▸ Required action:
Set down, word for word, the stretch of lines from the one containing "Cover for Alyssa" to the end of the records below.

▸ Records to use:

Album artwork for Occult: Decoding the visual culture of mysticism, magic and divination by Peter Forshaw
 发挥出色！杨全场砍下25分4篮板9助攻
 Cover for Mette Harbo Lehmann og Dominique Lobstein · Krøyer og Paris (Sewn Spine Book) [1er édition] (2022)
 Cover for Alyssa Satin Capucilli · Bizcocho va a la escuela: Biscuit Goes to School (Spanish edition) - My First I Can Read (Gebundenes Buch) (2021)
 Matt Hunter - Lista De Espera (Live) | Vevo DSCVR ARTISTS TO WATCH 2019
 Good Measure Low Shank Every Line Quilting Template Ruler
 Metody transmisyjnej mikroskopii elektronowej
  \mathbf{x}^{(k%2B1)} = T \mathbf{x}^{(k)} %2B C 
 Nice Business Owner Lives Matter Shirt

▸ Answer to this problem:
 Cover for Alyssa Satin Capucilli · Bizcocho va a la escuela: Biscuit Goes to School (Spanish edition) - My First I Can Read (Gebundenes Buch) (2021)
 Matt Hunter - Lista De Espera (Live) | Vevo DSCVR ARTISTS TO WATCH 2019
 Good Measure Low Shank Every Line Quilting Template Ruler
 Metody transmisyjnej mikroskopii elektronowej
  \mathbf{x}^{(k%2B1)} = T \mathbf{x}^{(k)} %2B C 
 Nice Business Owner Lives Matter Shirt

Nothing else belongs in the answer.